Background: Vesico-vaginal fistula (VVF) is a rare but debilitating condition, characterised by an abnormal connection between the bladder and vagina. While obstetric-related cases prevail in developing countries, iatrogenic fistulas are more common in industrialised ones, often resulting from pelvic surgeries.
Objectives: The optimal timing for surgical correction of VVF remains debated, often leaning towards delayed intervention. Here we report a successful early laparoscopic repair of an iatrogenic VVF following hysterectomy.
Materials and methods: The patient, a 54-year-old woman, presented with VVF after a hysterectomy. The laparoscopic repair was performed promptly upon diagnosis.
Main outcome measures: To assess the feasibility and effectiveness of an early repair of a gynaecological-related VVF.
Results: First, cystoscopy identified the bladder edge of the VVF. Second, laparoscopy was performed and the vesico-vaginal dissection was carried out. The excision of the previous stitches and of the fibrotic tissue was undertaken to create free flaps for suturing.
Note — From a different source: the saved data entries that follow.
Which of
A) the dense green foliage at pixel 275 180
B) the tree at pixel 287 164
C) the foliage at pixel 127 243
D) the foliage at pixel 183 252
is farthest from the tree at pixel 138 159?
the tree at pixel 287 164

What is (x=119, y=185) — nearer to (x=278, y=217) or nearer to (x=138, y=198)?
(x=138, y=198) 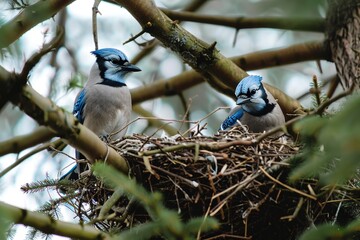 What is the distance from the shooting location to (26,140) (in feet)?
18.0

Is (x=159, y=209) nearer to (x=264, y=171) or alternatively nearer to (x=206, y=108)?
(x=264, y=171)

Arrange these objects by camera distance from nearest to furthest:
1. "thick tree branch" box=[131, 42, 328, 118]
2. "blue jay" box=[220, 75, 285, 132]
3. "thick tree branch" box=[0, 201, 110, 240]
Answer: "thick tree branch" box=[0, 201, 110, 240], "blue jay" box=[220, 75, 285, 132], "thick tree branch" box=[131, 42, 328, 118]

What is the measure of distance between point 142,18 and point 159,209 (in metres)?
2.49

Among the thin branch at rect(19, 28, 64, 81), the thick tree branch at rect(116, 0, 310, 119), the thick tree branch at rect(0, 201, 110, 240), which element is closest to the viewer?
→ the thin branch at rect(19, 28, 64, 81)

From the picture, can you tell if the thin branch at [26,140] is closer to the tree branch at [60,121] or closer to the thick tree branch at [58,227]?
the tree branch at [60,121]

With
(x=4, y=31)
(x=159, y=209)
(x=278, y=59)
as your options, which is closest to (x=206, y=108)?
(x=278, y=59)

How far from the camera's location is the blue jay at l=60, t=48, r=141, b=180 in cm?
523

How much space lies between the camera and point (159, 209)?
250cm

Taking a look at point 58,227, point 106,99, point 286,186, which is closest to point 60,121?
point 58,227

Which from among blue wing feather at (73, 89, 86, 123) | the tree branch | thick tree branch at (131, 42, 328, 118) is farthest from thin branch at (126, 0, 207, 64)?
the tree branch

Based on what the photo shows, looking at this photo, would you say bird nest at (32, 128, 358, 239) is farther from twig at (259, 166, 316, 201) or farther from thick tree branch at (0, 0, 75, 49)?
thick tree branch at (0, 0, 75, 49)

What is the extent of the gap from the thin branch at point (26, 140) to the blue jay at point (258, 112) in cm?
141

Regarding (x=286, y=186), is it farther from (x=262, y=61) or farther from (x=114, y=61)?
(x=114, y=61)

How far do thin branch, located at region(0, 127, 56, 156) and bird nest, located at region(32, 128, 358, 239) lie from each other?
4.50 feet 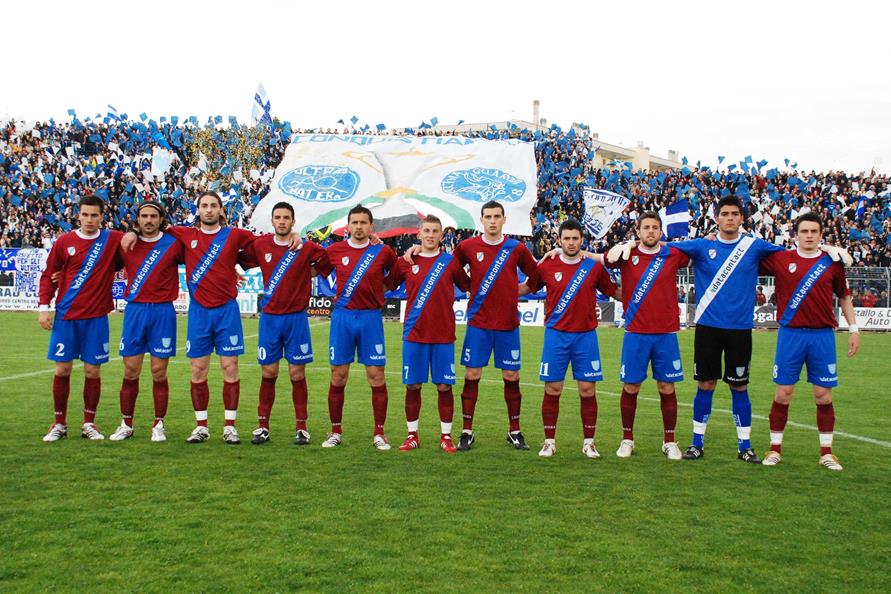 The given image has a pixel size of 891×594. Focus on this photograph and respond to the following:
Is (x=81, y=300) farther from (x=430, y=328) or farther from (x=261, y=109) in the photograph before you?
(x=261, y=109)

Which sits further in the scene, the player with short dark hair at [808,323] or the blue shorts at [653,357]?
the blue shorts at [653,357]

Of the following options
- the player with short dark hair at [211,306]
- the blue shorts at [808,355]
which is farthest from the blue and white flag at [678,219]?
the player with short dark hair at [211,306]

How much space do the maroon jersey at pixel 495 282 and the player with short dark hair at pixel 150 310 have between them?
109 inches

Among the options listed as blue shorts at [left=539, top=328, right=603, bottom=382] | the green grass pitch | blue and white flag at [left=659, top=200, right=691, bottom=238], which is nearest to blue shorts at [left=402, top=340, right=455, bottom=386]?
the green grass pitch

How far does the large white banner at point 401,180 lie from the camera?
2835 centimetres

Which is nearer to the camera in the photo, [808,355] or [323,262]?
Answer: [808,355]

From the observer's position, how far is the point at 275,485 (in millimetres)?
5914

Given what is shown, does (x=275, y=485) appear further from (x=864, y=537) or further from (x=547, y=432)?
(x=864, y=537)

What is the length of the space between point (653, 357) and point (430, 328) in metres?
2.02

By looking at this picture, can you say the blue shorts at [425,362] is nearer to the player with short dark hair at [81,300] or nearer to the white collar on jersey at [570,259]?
the white collar on jersey at [570,259]

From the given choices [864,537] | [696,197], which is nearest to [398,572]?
[864,537]

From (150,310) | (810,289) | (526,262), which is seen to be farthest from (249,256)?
(810,289)

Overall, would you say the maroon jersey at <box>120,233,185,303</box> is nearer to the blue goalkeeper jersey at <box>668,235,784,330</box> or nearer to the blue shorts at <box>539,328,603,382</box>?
the blue shorts at <box>539,328,603,382</box>

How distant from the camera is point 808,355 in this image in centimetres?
706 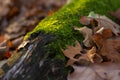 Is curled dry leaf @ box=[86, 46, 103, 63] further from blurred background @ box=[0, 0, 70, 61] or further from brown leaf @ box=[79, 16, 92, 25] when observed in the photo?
blurred background @ box=[0, 0, 70, 61]

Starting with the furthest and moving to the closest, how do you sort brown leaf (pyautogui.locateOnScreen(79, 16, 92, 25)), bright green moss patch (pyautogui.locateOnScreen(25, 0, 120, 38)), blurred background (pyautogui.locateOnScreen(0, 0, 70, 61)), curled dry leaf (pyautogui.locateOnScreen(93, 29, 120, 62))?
blurred background (pyautogui.locateOnScreen(0, 0, 70, 61))
brown leaf (pyautogui.locateOnScreen(79, 16, 92, 25))
bright green moss patch (pyautogui.locateOnScreen(25, 0, 120, 38))
curled dry leaf (pyautogui.locateOnScreen(93, 29, 120, 62))

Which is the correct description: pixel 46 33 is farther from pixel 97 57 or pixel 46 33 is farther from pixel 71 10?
pixel 71 10

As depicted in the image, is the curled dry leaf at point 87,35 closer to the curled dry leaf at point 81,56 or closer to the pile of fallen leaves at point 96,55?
the pile of fallen leaves at point 96,55

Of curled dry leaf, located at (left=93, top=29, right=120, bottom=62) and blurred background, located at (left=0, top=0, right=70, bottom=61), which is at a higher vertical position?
curled dry leaf, located at (left=93, top=29, right=120, bottom=62)

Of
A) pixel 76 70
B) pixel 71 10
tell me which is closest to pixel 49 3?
pixel 71 10

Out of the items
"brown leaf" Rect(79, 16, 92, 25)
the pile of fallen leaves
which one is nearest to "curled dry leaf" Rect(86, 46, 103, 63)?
the pile of fallen leaves

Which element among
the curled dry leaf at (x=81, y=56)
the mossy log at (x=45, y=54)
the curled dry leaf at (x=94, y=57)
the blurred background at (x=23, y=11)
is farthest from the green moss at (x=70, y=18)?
the blurred background at (x=23, y=11) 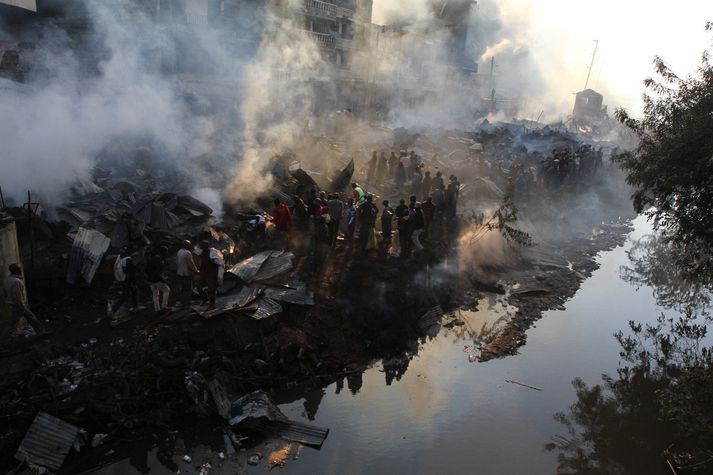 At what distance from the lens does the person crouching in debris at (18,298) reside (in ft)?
20.4

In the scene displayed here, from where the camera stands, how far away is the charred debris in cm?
566

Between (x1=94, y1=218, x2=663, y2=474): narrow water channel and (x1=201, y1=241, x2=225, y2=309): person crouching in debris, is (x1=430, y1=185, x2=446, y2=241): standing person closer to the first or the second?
(x1=94, y1=218, x2=663, y2=474): narrow water channel

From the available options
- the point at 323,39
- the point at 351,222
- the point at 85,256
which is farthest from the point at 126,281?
the point at 323,39

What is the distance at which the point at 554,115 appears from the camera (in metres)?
52.9

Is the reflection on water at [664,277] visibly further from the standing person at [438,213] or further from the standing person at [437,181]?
the standing person at [437,181]

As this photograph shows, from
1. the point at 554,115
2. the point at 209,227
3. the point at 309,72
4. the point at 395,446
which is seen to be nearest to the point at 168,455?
the point at 395,446

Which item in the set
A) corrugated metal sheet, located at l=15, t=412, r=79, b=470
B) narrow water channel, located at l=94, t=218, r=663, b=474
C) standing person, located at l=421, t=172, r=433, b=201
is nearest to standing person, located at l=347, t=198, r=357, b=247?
narrow water channel, located at l=94, t=218, r=663, b=474

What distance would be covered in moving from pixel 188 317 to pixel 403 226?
5137 millimetres

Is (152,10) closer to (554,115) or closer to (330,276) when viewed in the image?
(330,276)

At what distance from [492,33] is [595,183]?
43.8 m

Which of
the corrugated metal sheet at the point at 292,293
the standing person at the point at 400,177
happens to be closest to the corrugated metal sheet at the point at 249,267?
the corrugated metal sheet at the point at 292,293

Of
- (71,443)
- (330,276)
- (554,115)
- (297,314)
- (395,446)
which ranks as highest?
(554,115)

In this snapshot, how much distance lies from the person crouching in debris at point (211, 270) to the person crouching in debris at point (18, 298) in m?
2.24

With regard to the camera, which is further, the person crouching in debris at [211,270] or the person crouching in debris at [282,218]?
the person crouching in debris at [282,218] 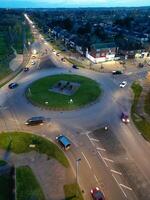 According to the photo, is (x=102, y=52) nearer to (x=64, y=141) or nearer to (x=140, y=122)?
(x=140, y=122)

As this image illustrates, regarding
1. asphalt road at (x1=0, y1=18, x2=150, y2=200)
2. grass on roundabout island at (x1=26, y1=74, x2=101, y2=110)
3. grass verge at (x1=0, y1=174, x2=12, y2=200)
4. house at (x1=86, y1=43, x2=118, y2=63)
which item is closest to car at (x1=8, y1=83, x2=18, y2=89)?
asphalt road at (x1=0, y1=18, x2=150, y2=200)

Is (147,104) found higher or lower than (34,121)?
lower

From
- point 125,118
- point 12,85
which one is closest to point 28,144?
point 125,118

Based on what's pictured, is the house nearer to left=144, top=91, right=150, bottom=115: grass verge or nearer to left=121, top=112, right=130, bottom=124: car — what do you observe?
left=144, top=91, right=150, bottom=115: grass verge

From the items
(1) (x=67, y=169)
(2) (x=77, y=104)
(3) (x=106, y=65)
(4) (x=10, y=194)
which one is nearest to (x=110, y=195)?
(1) (x=67, y=169)

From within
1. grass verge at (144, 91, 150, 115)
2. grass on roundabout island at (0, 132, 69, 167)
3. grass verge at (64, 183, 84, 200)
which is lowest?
grass verge at (144, 91, 150, 115)

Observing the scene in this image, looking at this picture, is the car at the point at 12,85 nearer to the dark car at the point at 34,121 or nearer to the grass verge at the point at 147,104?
the dark car at the point at 34,121

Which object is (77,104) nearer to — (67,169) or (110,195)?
(67,169) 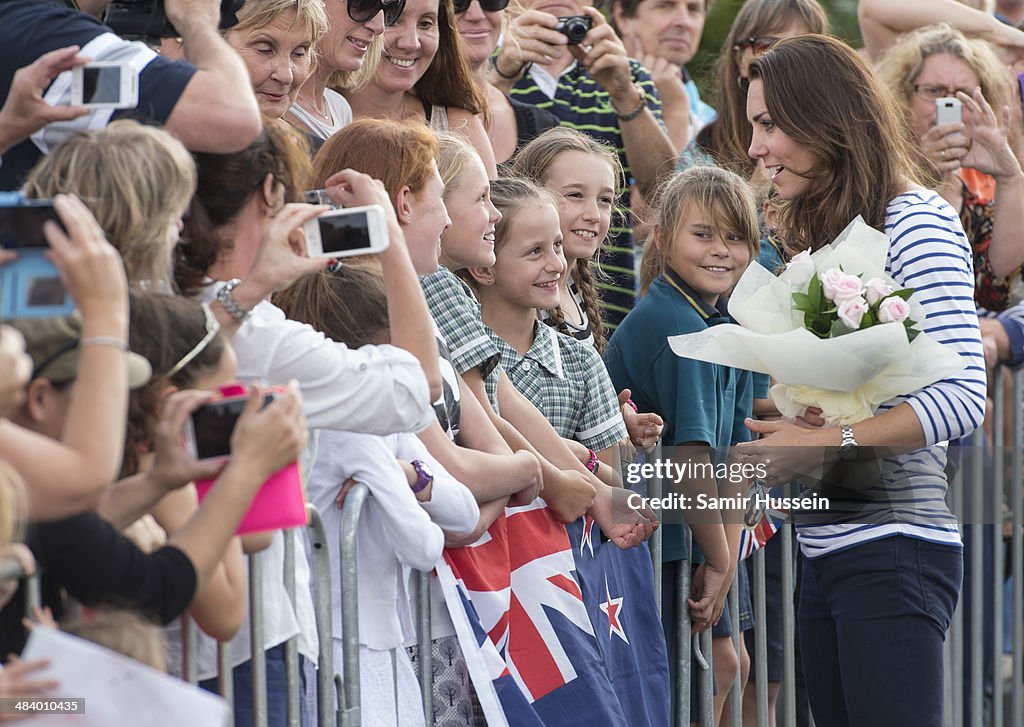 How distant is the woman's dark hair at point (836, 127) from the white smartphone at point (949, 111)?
155cm

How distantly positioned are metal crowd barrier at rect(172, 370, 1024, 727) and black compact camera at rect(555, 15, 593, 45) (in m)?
1.83

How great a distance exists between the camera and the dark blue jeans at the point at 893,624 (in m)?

The bladder was repaired in a double layer, and a single layer was applied to the vagina. Finally, the omentoplasty was done. The patient was discharged on postoperative day 5. No complications occurred.
Conclusions: This successful case demonstrates the feasibility and safety of early laparoscopic repair for gynaecological surgery-related vesico-vaginal fistulae. While acknowledging the need for further studies to standardise techniques, this report contributes to the evolving understanding of optimal management for this complex condition.